● **WHAT YOU SHOULD DO**:
Word for word, transcribe every line from the one holding "Britain's Prime Minister" through the end of the records, but not the pictures.

Top of SUPPLIED MATERIAL

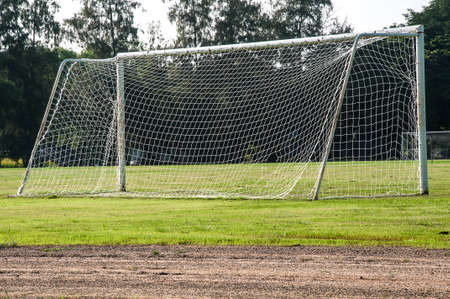 Football goals in the field with the tree backgroundの写真素材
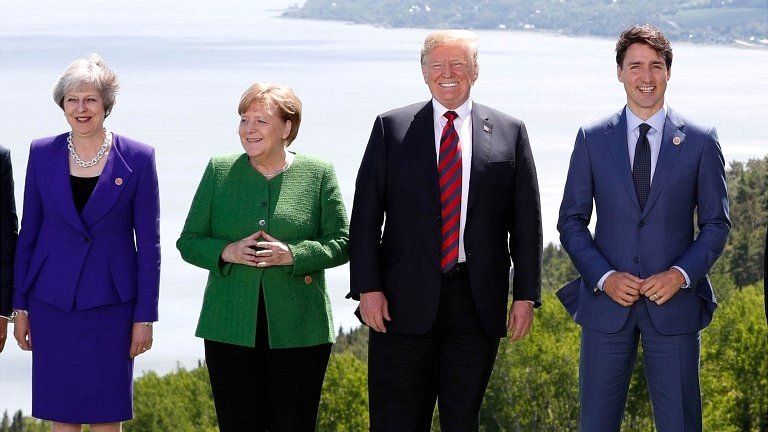 Britain's Prime Minister Theresa May, Germany's Chancellor Angela Merkel, US President Donald Trump and Canada's Prime Minister Justin Trudeau pose during a family photo at the G7 Summit in the Charlevoix city of La Malbaie, Quebec, Canada, on 8 June 2018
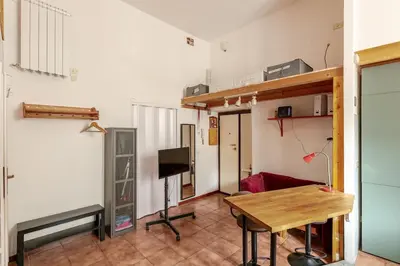 a living room with a wooden table and a desk at Cozy studio at pedestrian street in Rome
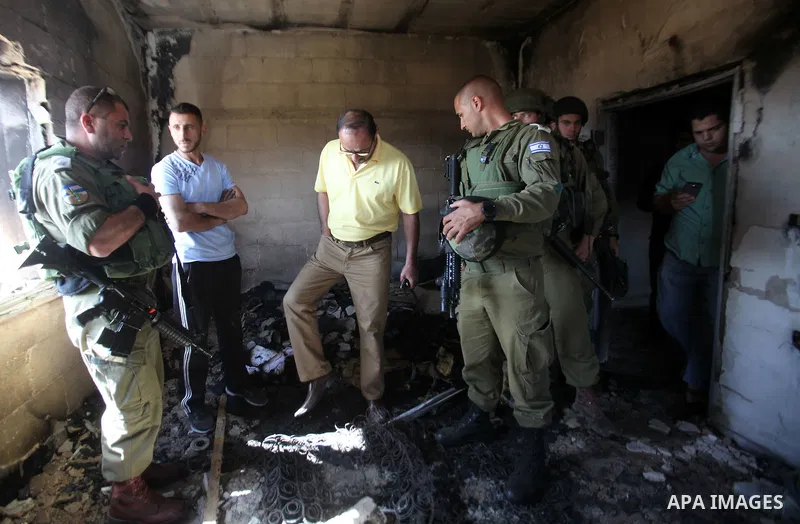Israeli soldiers and Palestinians inspect a damaged house following a blaze overnight in the village of Duma in the Israeli-occupied West Bank on July 20, 2016. The house is located in the Palestinian village where an ar...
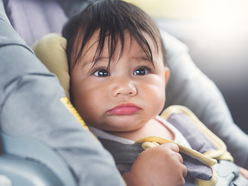 Toddler in carseat looking upset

Bottom of SUPPLIED MATERIAL

● **RESULT BELOW**:
 Britain's Prime Minister Theresa May, Germany's Chancellor Angela Merkel, US President Donald Trump and Canada's Prime Minister Justin Trudeau pose during a family photo at the G7 Summit in the Charlevoix city of La Malbaie, Quebec, Canada, on 8 June 2018
 a living room with a wooden table and a desk at Cozy studio at pedestrian street in Rome
Israeli soldiers and Palestinians inspect a damaged house following a blaze overnight in the village of Duma in the Israeli-occupied West Bank on July 20, 2016. The house is located in the Palestinian village where an ar...
 Toddler in carseat looking upset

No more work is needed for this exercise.